I've also heard mae o'n cysgu'n sownd "he's sleeping soundly; he's sound asleep; he's fast asleep".


Yes, I didn't think of that. Diolch.

For Cysgodd e'n sownd, you could say Cysgodd e fel clawdd too. I guess in English it'd be "He slept like a log" but in Welsh, literally "He slept like an embankment/hedgerow".


Is "sownd" also the word for sound as in music or I heard a sound?


No, it just mean "sound" as in "stuck".

sŵn = "sound, noise" in general e.g. Clywais i sŵn rhyfedd (I heard a strange sound), Beth ydy'r sŵn 'na? (What's that sound/noise?)

sain = "sound, audio" in a more technical sense e.g. Technegydd sain yw e (He's a sound/audio technician, effaith sain (sound effect), ton sain (sound wave), sain gytseiniol (consonant sound) etc.

[deactivated user]

    English is my native language, and I've never used the word "Sound" to mean "Stuck".

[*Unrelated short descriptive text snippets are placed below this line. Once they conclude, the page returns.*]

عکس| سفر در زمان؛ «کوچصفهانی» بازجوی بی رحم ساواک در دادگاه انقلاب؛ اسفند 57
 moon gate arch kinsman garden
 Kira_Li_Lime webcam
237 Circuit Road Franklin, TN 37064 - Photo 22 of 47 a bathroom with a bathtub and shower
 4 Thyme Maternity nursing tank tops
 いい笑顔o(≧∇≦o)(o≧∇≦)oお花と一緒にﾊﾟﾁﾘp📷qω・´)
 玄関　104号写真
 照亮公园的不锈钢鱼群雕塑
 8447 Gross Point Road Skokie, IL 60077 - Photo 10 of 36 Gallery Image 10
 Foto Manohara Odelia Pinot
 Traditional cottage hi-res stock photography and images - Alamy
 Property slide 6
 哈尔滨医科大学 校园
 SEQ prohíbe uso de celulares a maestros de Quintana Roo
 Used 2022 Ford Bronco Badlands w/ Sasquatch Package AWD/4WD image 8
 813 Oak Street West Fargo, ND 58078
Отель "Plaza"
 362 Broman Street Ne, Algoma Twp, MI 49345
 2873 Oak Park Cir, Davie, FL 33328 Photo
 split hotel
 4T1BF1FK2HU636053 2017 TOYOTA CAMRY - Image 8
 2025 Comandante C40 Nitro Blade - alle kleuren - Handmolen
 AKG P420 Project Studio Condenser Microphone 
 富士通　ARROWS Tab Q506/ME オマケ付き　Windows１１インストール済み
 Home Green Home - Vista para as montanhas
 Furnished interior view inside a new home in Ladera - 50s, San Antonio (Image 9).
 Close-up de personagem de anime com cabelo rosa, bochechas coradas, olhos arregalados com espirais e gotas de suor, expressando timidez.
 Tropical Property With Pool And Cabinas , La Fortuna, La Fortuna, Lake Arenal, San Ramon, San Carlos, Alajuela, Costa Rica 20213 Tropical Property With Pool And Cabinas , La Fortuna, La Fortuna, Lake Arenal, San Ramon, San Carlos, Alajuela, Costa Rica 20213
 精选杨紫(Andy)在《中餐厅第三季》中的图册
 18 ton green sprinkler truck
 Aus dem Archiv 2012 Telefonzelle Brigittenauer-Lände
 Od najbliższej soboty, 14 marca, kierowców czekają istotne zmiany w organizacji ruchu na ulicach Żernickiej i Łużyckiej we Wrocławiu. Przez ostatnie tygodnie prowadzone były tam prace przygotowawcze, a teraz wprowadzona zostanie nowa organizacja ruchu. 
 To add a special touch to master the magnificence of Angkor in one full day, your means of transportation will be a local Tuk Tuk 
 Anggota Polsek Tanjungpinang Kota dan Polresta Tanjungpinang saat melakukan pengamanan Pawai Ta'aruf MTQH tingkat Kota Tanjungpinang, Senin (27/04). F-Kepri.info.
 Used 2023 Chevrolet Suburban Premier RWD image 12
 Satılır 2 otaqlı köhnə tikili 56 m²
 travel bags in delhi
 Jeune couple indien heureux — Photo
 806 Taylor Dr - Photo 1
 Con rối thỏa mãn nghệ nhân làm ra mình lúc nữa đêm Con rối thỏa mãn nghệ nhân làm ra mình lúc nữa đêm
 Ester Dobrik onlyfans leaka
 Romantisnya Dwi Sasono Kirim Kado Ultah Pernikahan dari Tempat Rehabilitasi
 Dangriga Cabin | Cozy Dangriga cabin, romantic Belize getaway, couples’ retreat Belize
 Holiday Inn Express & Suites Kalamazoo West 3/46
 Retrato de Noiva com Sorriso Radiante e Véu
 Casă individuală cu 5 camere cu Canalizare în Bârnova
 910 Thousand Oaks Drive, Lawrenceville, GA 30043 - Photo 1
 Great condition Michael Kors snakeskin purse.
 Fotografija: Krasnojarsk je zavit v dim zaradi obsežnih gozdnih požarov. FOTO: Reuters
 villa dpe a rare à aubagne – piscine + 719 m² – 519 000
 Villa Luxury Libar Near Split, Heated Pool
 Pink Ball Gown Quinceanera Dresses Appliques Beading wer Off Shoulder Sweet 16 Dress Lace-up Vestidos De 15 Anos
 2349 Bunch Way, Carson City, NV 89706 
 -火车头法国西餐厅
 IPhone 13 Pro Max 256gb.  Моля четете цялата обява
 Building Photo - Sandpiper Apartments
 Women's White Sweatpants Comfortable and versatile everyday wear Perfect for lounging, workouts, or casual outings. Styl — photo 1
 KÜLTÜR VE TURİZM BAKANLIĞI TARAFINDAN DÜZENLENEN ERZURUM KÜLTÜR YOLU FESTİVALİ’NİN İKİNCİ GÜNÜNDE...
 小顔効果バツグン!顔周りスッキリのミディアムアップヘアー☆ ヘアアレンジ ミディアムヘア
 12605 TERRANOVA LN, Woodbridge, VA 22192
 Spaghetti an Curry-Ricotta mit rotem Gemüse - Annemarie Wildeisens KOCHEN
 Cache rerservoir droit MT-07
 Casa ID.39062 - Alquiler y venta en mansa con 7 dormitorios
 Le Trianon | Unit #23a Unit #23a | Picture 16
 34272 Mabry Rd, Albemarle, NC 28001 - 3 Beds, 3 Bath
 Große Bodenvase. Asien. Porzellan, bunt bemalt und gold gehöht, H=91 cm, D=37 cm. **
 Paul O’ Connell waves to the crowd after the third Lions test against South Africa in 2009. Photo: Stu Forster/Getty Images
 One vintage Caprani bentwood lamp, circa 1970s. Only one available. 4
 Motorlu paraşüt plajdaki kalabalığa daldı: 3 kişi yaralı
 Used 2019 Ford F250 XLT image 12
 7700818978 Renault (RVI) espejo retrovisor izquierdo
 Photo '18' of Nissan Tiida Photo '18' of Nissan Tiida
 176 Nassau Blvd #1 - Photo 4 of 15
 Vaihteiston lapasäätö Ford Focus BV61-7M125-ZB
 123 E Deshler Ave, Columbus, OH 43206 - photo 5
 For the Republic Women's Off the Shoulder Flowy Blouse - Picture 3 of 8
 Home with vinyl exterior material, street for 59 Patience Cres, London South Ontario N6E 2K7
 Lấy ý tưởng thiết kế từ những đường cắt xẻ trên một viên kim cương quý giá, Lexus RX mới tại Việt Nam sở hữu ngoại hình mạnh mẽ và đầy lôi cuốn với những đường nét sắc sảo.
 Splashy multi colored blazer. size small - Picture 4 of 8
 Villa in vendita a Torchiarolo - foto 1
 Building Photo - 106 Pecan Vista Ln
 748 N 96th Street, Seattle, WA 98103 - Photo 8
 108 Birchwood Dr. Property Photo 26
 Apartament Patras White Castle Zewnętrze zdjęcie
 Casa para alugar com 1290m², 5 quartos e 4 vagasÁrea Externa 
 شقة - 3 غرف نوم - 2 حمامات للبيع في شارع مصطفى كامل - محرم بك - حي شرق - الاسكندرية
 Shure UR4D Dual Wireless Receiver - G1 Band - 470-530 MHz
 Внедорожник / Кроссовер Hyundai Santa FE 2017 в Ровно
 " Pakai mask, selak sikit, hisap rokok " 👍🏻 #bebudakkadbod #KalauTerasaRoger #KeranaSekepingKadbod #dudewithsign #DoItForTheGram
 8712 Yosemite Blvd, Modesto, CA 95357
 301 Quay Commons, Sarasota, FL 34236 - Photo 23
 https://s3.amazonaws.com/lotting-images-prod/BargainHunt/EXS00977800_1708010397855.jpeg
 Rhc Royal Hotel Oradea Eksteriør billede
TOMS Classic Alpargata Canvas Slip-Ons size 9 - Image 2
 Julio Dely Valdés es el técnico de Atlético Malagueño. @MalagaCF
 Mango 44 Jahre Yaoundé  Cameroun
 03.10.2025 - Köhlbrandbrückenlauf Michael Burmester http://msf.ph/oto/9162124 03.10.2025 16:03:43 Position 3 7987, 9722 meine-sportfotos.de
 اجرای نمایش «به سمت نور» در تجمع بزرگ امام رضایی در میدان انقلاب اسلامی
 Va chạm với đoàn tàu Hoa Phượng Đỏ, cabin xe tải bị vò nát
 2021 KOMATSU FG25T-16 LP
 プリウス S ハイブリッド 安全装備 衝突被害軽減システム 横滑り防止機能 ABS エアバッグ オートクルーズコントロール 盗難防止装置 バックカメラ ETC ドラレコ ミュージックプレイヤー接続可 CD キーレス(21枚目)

    No, I'd never say it either. It's old fashioned isn't it? Mind you, I bet you say "safe and sound".

    [deactivated user]

      You would win your bet. When I say that though, the 'sound' bit means 'in good health' Nothing to do with 'stuck'


      Ah yes you're right. I was thinking of "sound" as in "solid, secure" but that makes more sense, as in "of sound mind".


      I've heard and used the term - it's sound in the ground - meaning it is stuck fast in the ground. Or is that a Wenglish term derived from the original Cymraeg?


      "Sound" is a native English word that got borrowed into Welsh. The first record we have of sownd in Welsh is from about 400 years ago. Not sure where that phrase developed though.